Velayudhan Panikkassery (30 March 1930 – 20 September 2024) was an Indian historian from Kerala. He has written 66 books, most of which describe the history of Kerala. He received many awards, including Kerala Sahitya Akademi Award for Overall Contributions.

==Biography==
Velayudhan Panikassery was born on 30 March 1934, as the son of Panikassery Mamu and Kalikutty at Engandiyur, Thrissur district.

He and his wife, retired teacher V.K. Leela, have three children, Shaji, Chinta, and Veena. Velayudhan Panikkassery died on 20 September 2024, at the age of 94, at Engandiyur in Thrissur district.

==Career==
Panikassery joined the Engandiyoor Branch Library of the Malabar Local Library Authority as a librarian in 1956 and retired from there in 1991.
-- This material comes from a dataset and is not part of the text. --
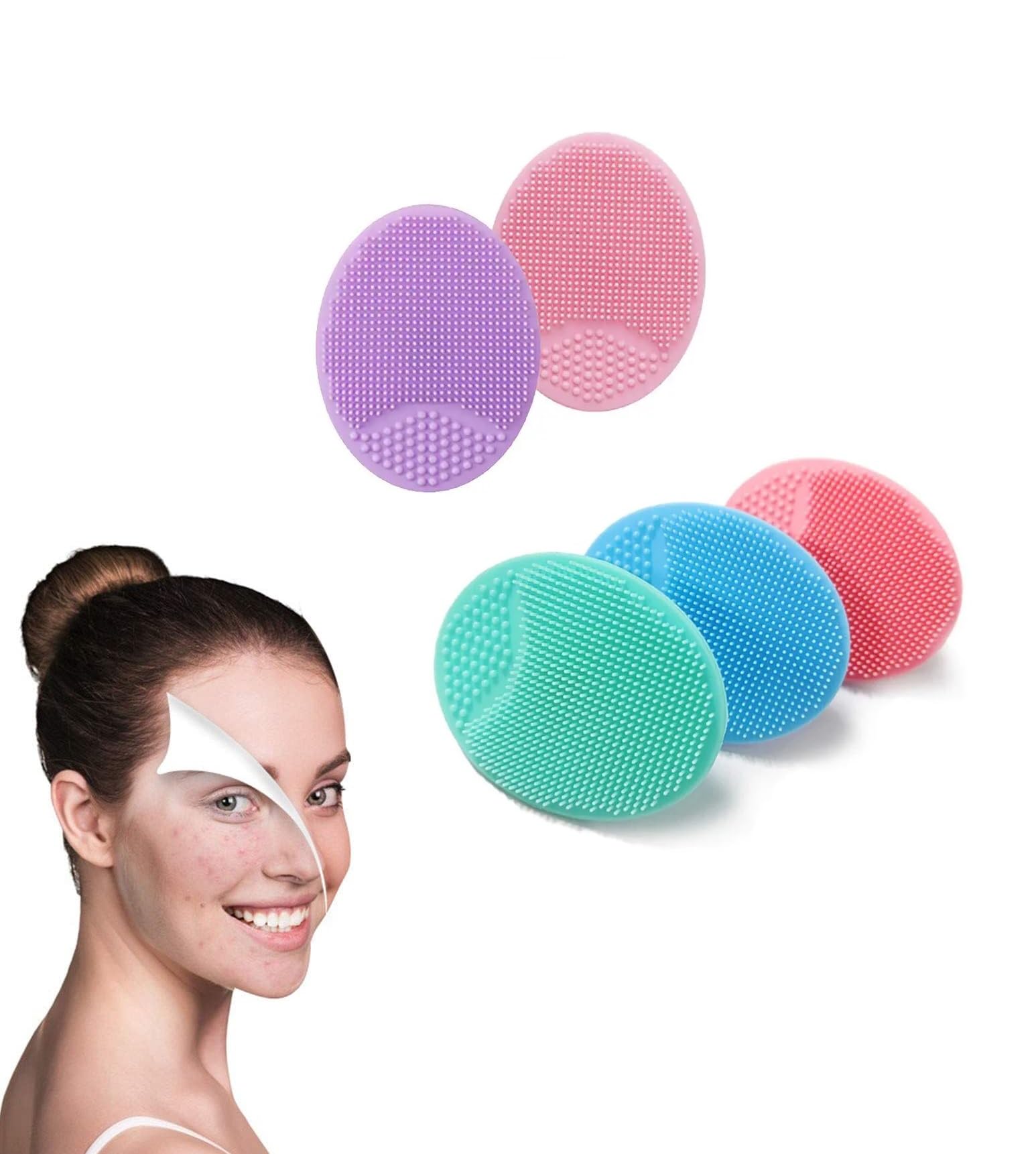 MobFest® Silicone Baby Shampoo Brush & Facial Cleansing Tool - Gentle Exfoliator for Blackhead Removal, Skin Care & Deep Cleansing (6-Pack, Multicolor) - Perfect for Baby Bath Time & Daily Facial Routine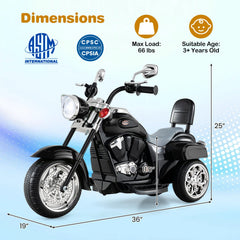 6V 3 Wheel Toddler Chopper Motorbike with 18W Motor and 80 Degree Adjustable Headlight, Black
He served as the vice president and secretary of the administrative committee of the Sahithya Pravarthaka Co-operative Society. He also served as the chairman of the Engandiyur Deendayal Trust and the manager of Saraswati Vidyaniketan Central School.

==Contributions==
Panikassery has written 66 books describing the history of Kerala and its foreign invasions. Panikassery has also received a fellowship from the Central Department of Culture to conduct research on ancient Kerala's foreign relations and the influence of foreigners on Kerala art and culture. In 1963, his book 'Keranlam Pathinanjum Pathinarum Noottandukalil', which chronicles the history of Kerala in the fifteenth and sixteenth centuries, became a textbook at the University of Kerala. Including this, 12 of his books are now textbooks in various government universities in Kerala. Some of his works have also been translated into Tamil and Hindi languages.

He has repeatedly mentioned that the old coins in his father's collection, who was a merchant, his extensive reading, and his friendship with Kesari A. Balakrishna Pillai from his school days, all of these led him to write history. An article by Panikassery was first printed in 1955, which was a short biography of Thakazhi Sivashankara Pillai, published in the Pune Malayali Special Edition. He had initially written two columns in the Janayugam weekly, which were short biography of Malayalam writers. These articles were later collected under the title 'Karoor Muthal Kovilan Vare [From Karoor to Kovilan]'.

Velayudhan Panikassery had researched and discovered deeply the history of South India, especially the history of the Deccan region. He researched and discovered how the Tamil language and culture, which had existed since ancient, Vedic times, had deeply influenced the social life of South India.

He has also written books on biographies, children's literature and folklore. He also published a magazine called 'Taliola'. His last published book was about the history of Chettuva, titled 'Charithram urangunna Chettuvayum Chettuva Parikuttyum'.

==Notable books==
- "Keralacharithram: Kerala Samsthana Roopeekaranam Vare" (2023)
- "Samskarangalum Samrajyangalum Kalaghattangaliloote" (2016), a book that simply describes the history of life, from the origin of living things and the evolution of man to the present day.
- "Sindhu Nadeethadasamsklaravum Pracheena Bharathile Sarvakalashalakalum" (2023)
- "Kerala Charitram Thiruthikkuricha Mahasambhavangal" (2020) A book that tells the main events that changed the history of Kerala.
- "Nalanda Thakshasila" (2016). A book on Universities in Ancient India.
- "Sancharikal kanda Keralam" (2017) The content of this book is the accounts of fifty-two prominent travelers who visited Kerala from the fourth century BC to recent times.
- "Pracheena Keralathinte Vanigya Bandhangal" (2018)
- "Kerala Charithra Padanangal" (2007)
- "Anayatha Deepangal" (2013) This book introduces ten great personalities who have achieved success in different fields.
- "Keralam 600 Kollam Munp" (2017)
- "Keralolpathy" (2018)
- "Arattupuzha Velayudha Panicker" (2018) Biography of Arattupuzha Velayudha Panicker.
- "Ayyankali Muthal VT Vare" (2007) A work that introduces a few renaissance leaders who fought against the social mores that prevailed in Kerala in the late 19th and early 20th centuries.
- "Ibnu Bathutha Kanda Keralam" (2015)

==Awards and honors==
He received awards Kerala Sahitya Akademi Award for Overall Contributions, the Center for Historical Studies Award, V.S. Keraliyan Award, P.A. Seythumuhammed Memorial Award, N.K. Foundation Award and Sree Narayana Guru Award 2013 from Sree Narayna Sahithya Parishath (SNSP).